# Weighted Majority, Winnow

(based on Avrim Blum’s notes)

• In each round, each of the $n$ experts makes a prediction in $\{0,1\}$
• The learner makes a prediction based on the experts’ advice
• The learner observes the actual outcome
• The goal is to predict nearly as well as the best expert in hindsight
• $M:= \#$ mistakes by the learner
• $m:= \#$ mistakes by the best expert in hindsight
• If there is a perfect expert, then by predicting the majority class and removing the erring experts in each round,  $M \le \log_2 n$.
• If no perfect expert, we can restart the above process whenever all the experts are removed. Each expert makes at least one mistake when all of them are removed, thus $M \le m \cdot \log_2 n$

Weighted Majority

• Set $w_i=1$,  $\forall i\in\{1,\dots,n\}$,  $W = \sum_i w_i$
• On a mistake, for very expert $E_i$ who predicted incorrectly, set $w_i \leftarrow \frac{w_i}{2}$
• On a mistake, at least half of the weights are reduced by half, so $W$ goes down by a factor of $\frac{3}{4}$.
• After $M$ mistakes, $W \le n(\frac{3}{4})^M$
• On the other hand, the best expert has weight $\ge (\frac{1}{2})^m$.
• Since the total weight is larger than any single weight, by combining the above two inequalities, we get $\log_2 (4/3) M\le \log n + m$ or $M \le 2.5(\log n + m)$.

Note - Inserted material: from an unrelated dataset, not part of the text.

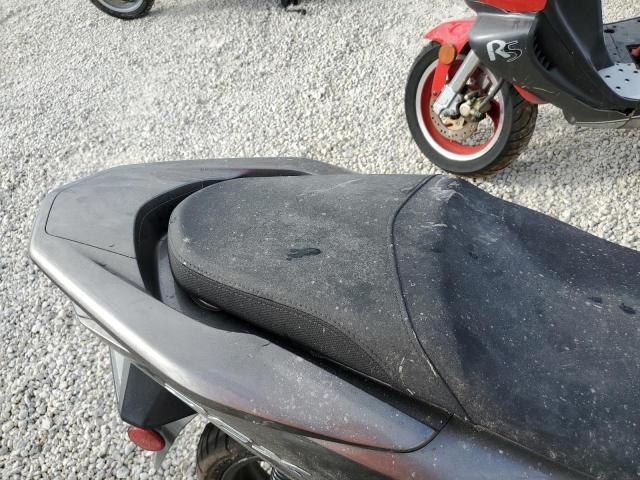 2019 HONDA WW150 RLHKF3009KY000446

Randomized Weighted Majority

• Instead of predicting the majority, pick expert $i$ randomly with probability proportional to $\frac{w_i}{W}$ and follow the advice
• Fix $\epsilon < 1/2$. In each time step, for each erring expert, set $w_i \leftarrow (1-\epsilon)w_i$
• At time $t$, Let $f_t$ be the fraction of experts who make a mistake.
• The total weight $W$ at time $T$ is $n\prod_{t=1}^T (1-\epsilon f_t)$, so $\ln W = \ln n + \sum_t \ln(1-\epsilon f_t) \le \ln n - \epsilon \sum_t f_t =\ln n - \epsilon E(M)$ , where we use the fact that $1+x \le e^x$ and $E(M) = \sum_t f_t$
• On the other hand, the weight of the best expert is $(1-\epsilon)^m$. Therefore, $m\ln(1-\epsilon) \le \ln n - \epsilon E(M)$. Rearranging gives $E(M) \le (1+\epsilon) m + \frac{1}{\epsilon}\ln n$
• Choose $\epsilon = \sqrt{\frac{\ln n}{m}}$, then $E(M) \le m + 2\sqrt{m\cdot \ln n}$
• Since $m\le T$, where $T$ is the total number of rounds, we have $\frac{E(M)}{T} \le \frac{m}{T} + 2\sqrt{\frac{\ln n}{T}}$. This means the expected number of mistakes per step (“regret”) approaches that of the best expert as $T$ increases.

Winnow

Learn an OR of $r$ out of $n$ variables

• Initialize $w_i=1$,  $\forall i\in\{1,\dots,n\}$. Predict $+$ if $w \cdot x \ge n$, otherwise $-$.
• Mistake on a positive example: $w_i \leftarrow 2w_i$ ,  $\forall i: x_i =1$
• Mistake on a negative example: $w_i \leftarrow \frac{w_i}{2}$ ,  $\forall i: x_i =1$ (could set $w_i = 0$).
• The weights of $r$ relevant variables never decrease, and  each of them can only be doubled $\log n$ times, so #mistakes on positive examples is at most $\le r\log_2 n$
• For each mistake on $+$, $W$ increases at most $n$, and for each mistake on $-$$W$ decreases at least $\frac{n}{2}$. Since $W$ never drops below zero, we have (#mistakes on $-$) $\le 2$ (#mistakes on $+$).
• Therefore, total #mistakes $=O(r\log n)$.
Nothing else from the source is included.